The Winter Olympics have begun and, waking up this morning, I did what any American celebrating the 250th birthday of her country would do.  I watched curling.  I watched as Team USA defeated Team Switzerland.  I enjoyed not only watching America notch up a victory but I also enjoyed the contrast between the super-intense, super-shriekey Swiss team and the relatively mellow American team.  Watching the Americans laugh and joke while the Swiss couple yelled at each other left me feeling very patriotic and hopeful.

In fact, it left me in such a good mood that I decided it was finally time to watch Ella McCay.

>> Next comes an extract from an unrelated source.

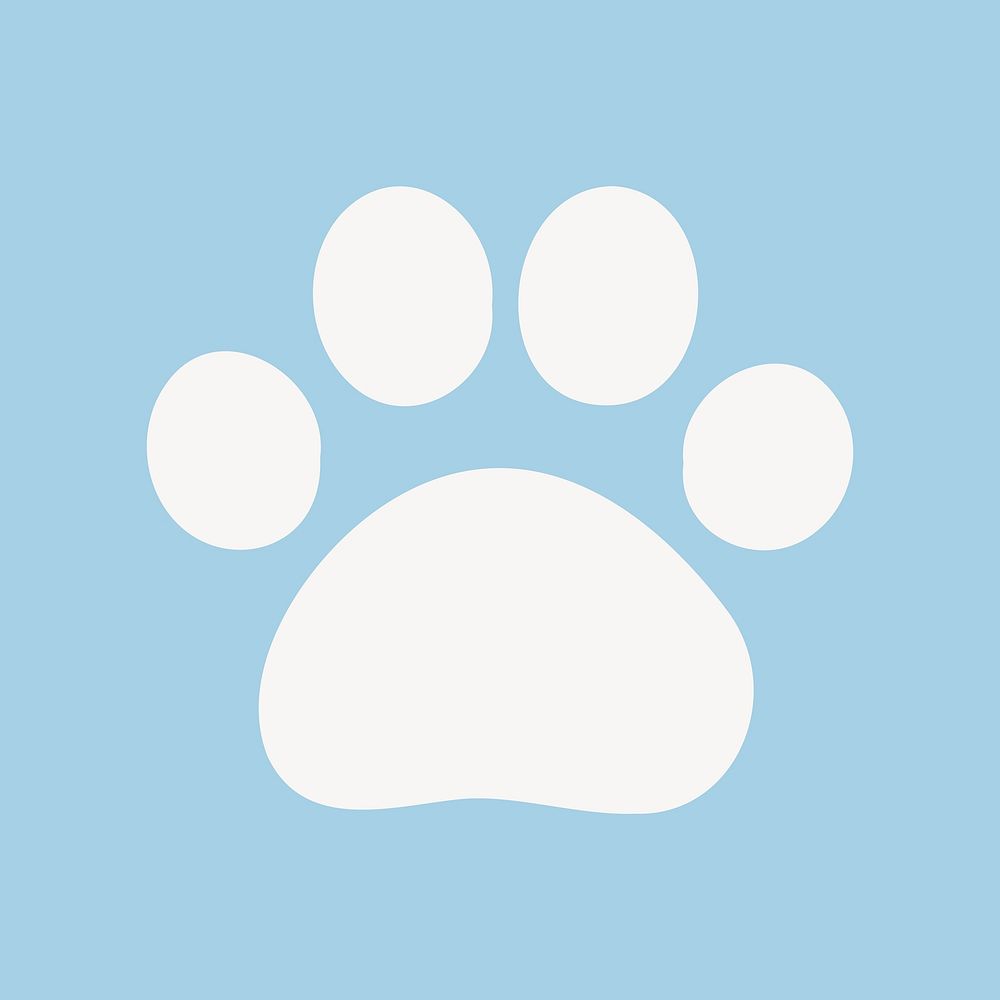 Dog paw icon in white shape illustration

It’s easy to forget now what a big deal it was when the trailer for Ella McCay was first released in August of 2025.  It was the trailer for James L. Brooks’s first film in 15 years, a political comedy for adults.  It was full of familiar faces and it looked absolutely awful.  Seriously, the trailer was so unappealing that I became rather fascinated by it.  Even the worst films can usually scrounge together enough good material to at least come up with a passable trailer.  Watching the trailer for Ella McCay, I could only wonder who was responsible for putting it together.  Who thought it was a good idea to lead off with that lengthy Woody Harrelson scene?  Who thought the wedding scene didn’t look weird?  Who didn’t take the time to do something about Spike Fearn’s hair?

There were some who said that Ella McCay shouldn’t be judged based solely on its trailer.  They pointed out that director James L. Brooks directed three films that were nominated for Best Picture, two of which were actually good.  They pointed out that Ella, her brother, and her husband were all played by British actors who had appeared on niche television shows.  Soon, there was a mini-civil war being fought on twitter between those who dismissed Ella McCay based on the trailer and those who promised that they would love the film once it was released.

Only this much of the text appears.